What economic policies to deal with the Corona-crisis?
The remarkable thing about the Corona epidemic is that it intervenes in different ways in the economy. It does this both on the demand and the supply side. Let's start with the supply side because it is also the most striking thing about this epidemic. As soon as the epidemic surfaced, parts of the country were quarantined in China. The consequence of this was that important production chains were interrupted. Components that are crucial in Europe and the US for the production of cars, computers, electrical appliances, and so on, could no longer be shipped from China. The result was that supply contracted. As the epidemic continues, the intensity of this negative supply shock increases, and we can expect that the production of goods and services will continue to decline.
The Coronavirus also acts on the demand for goods and services in an indirect manner, in particular by the fact that the virus is frightening people. Fearful consumers will travel less, visit restaurants and theatres less, and so on. This is probably a good response that slows down the spread of the virus, but it results in a fall of the production of these services. This could be an important effect for Portugal that is very dependent on tourism.
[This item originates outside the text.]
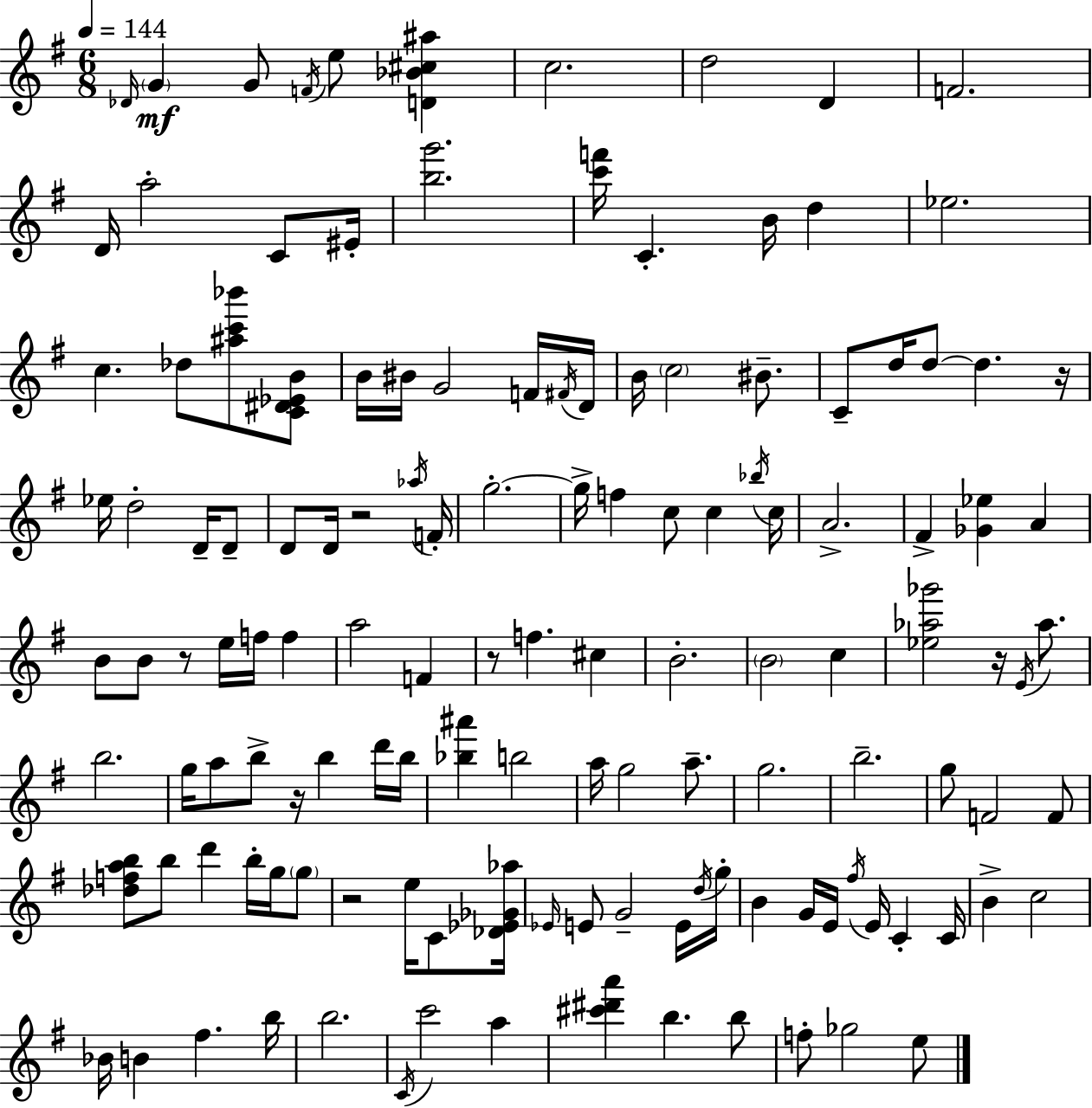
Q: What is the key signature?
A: G major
Fear and panic also act on the general confidence that people have in the future. They become more pessimistic about the future development of the economy, and postpone their decisions to make important purchases. Consumers consume less and companies postpone their investments. The sum of these demand and supply shocks is that the economy is shrinking, with negative implications for unemployment and government finances.
How deep the potential economic contraction will be depends on the nature of the Coronavirus. How many people will be infected? What is the mortality rate? Questions about which we do not have good answers today. It may be that all this will be over soon if the epidemic ends after a few months. It can also become a deep recession if the virus continues to proliferate for a long time.
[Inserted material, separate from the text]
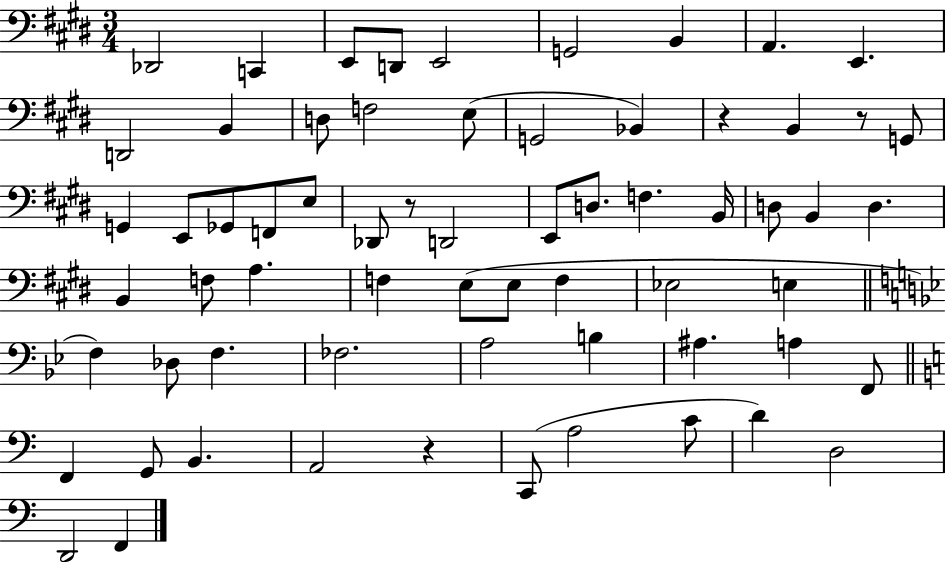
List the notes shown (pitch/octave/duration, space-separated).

Db2/h C2/q E2/e D2/e E2/h G2/h B2/q A2/q. E2/q. D2/h B2/q D3/e F3/h E3/e G2/h Bb2/q R/q B2/q R/e G2/e G2/q E2/e Gb2/e F2/e E3/e Db2/e R/e D2/h E2/e D3/e. F3/q. B2/s D3/e B2/q D3/q. B2/q F3/e A3/q. F3/q E3/e E3/e F3/q Eb3/h E3/q F3/q Db3/e F3/q. FES3/h. A3/h B3/q A#3/q. A3/q F2/e F2/q G2/e B2/q. A2/h R/q C2/e A3/h C4/e D4/q D3/h D2/h F2/q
What economic policy must be pursued today to absorb the negative supply and demand shocks?
In the short term, we cannot do much about the supply shocks. The long production chains that are being interrupted today are the result of globalization. They cannot be eliminated from one day to the next. If the human and economic effects of the epidemics intensify these will lead to calls for a reorganization of international trade. In that case, the pressure will increase to reverse globalization and to re-organize production chains on a smaller regional or even national scale. This is likely to lead to losses of welfare in the long run.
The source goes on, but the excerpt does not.